##### Material for this exercise

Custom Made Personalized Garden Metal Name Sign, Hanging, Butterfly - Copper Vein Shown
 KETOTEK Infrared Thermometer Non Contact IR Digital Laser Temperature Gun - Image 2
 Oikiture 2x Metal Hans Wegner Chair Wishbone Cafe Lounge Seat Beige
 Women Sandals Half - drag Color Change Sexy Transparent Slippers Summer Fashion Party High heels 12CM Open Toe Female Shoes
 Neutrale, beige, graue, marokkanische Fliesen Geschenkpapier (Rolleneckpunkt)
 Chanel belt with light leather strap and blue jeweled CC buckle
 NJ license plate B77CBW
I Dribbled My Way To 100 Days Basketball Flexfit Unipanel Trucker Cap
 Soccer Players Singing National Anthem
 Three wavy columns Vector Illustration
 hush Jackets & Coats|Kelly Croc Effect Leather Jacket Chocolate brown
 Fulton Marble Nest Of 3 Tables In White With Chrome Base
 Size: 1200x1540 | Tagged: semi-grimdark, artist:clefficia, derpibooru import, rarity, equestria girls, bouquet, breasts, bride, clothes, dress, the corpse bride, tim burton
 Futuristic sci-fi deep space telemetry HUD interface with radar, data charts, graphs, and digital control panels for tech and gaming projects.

##########

=== Your instructions ===
Beginning at the line that holds "Women Sandals Half", reproduce each line of the records above down to and including the last one.

=== Reply ===
 Women Sandals Half - drag Color Change Sexy Transparent Slippers Summer Fashion Party High heels 12CM Open Toe Female Shoes
 Neutrale, beige, graue, marokkanische Fliesen Geschenkpapier (Rolleneckpunkt)
 Chanel belt with light leather strap and blue jeweled CC buckle
 NJ license plate B77CBW
I Dribbled My Way To 100 Days Basketball Flexfit Unipanel Trucker Cap
 Soccer Players Singing National Anthem
 Three wavy columns Vector Illustration
 hush Jackets & Coats|Kelly Croc Effect Leather Jacket Chocolate brown
 Fulton Marble Nest Of 3 Tables In White With Chrome Base
 Size: 1200x1540 | Tagged: semi-grimdark, artist:clefficia, derpibooru import, rarity, equestria girls, bouquet, breasts, bride, clothes, dress, the corpse bride, tim burton
 Futuristic sci-fi deep space telemetry HUD interface with radar, data charts, graphs, and digital control panels for tech and gaming projects.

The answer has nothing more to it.